(Pictures with short captions)

____________

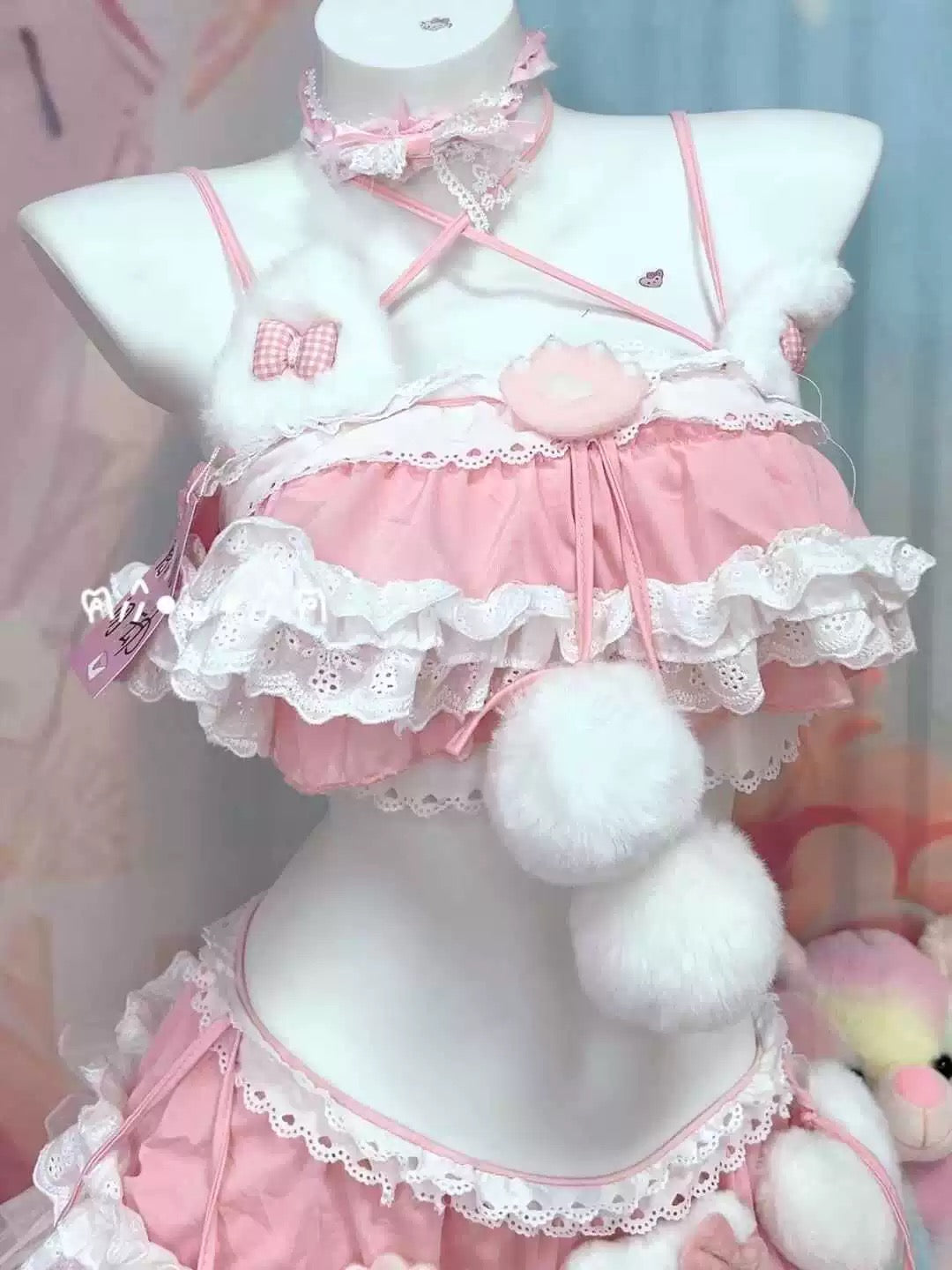Cute pink handmade set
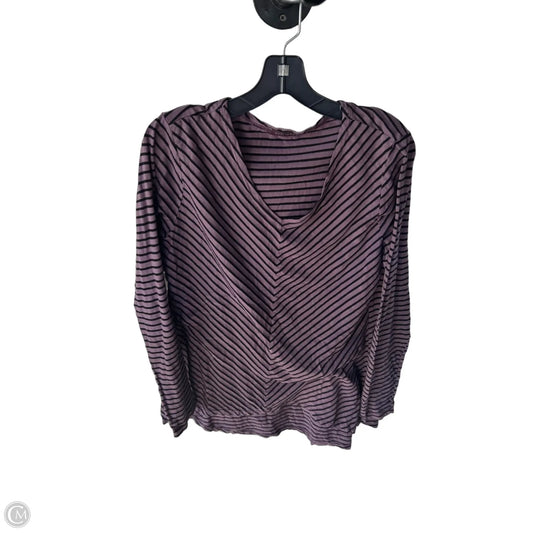 Top Long Sleeve By Cut Loose In Black & Purple, Size: Xl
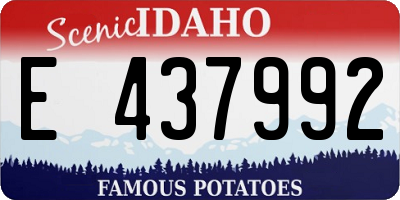 ID license plate E437992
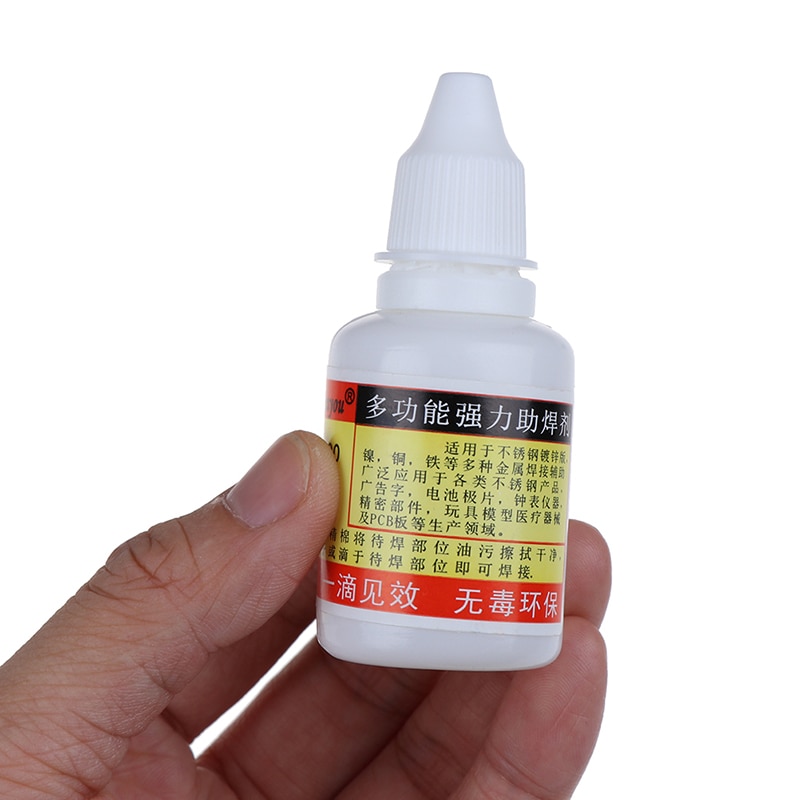 1pc 20ml Stainless Steel Liquid Flux Soldering Paste Flux Liquid Solders Water Durable Liquid Solders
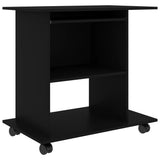 Computer Desk Black 80x50x75 cm Engineered Wood 802895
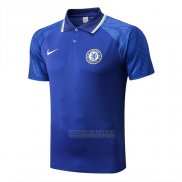 Camisola Polo del Chelsea 2022-2023 Azul
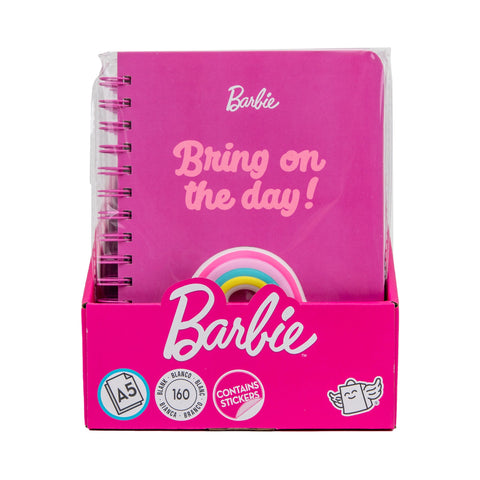 Caderno Formato A5 Com Squishy - Arco-Íris Barbie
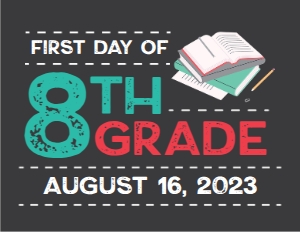 editable fdos simple chalk with books design preview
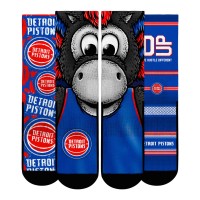 Подростковая Detroit Pistons Rock Em Socks Fan Favorites Three-Pack Crew Socks Set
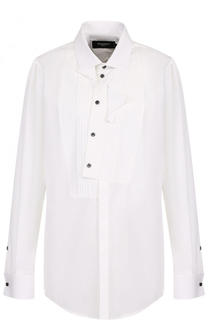 Однотонная хлопковая блуза Dsquared2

____________

■ Exercise description
Print out every record above exactly as given. Do not include the pictures.

■ Exercise answer
Cute pink handmade set
 Top Long Sleeve By Cut Loose In Black & Purple, Size: Xl
 ID license plate E437992
 1pc 20ml Stainless Steel Liquid Flux Soldering Paste Flux Liquid Solders Water Durable Liquid Solders
 Computer Desk Black 80x50x75 cm Engineered Wood 802895
 Camisola Polo del Chelsea 2022-2023 Azul
 Caderno Formato A5 Com Squishy - Arco-Íris Barbie
 editable fdos simple chalk with books design preview
 Подростковая Detroit Pistons Rock Em Socks Fan Favorites Three-Pack Crew Socks Set
 Однотонная хлопковая блуза Dsquared2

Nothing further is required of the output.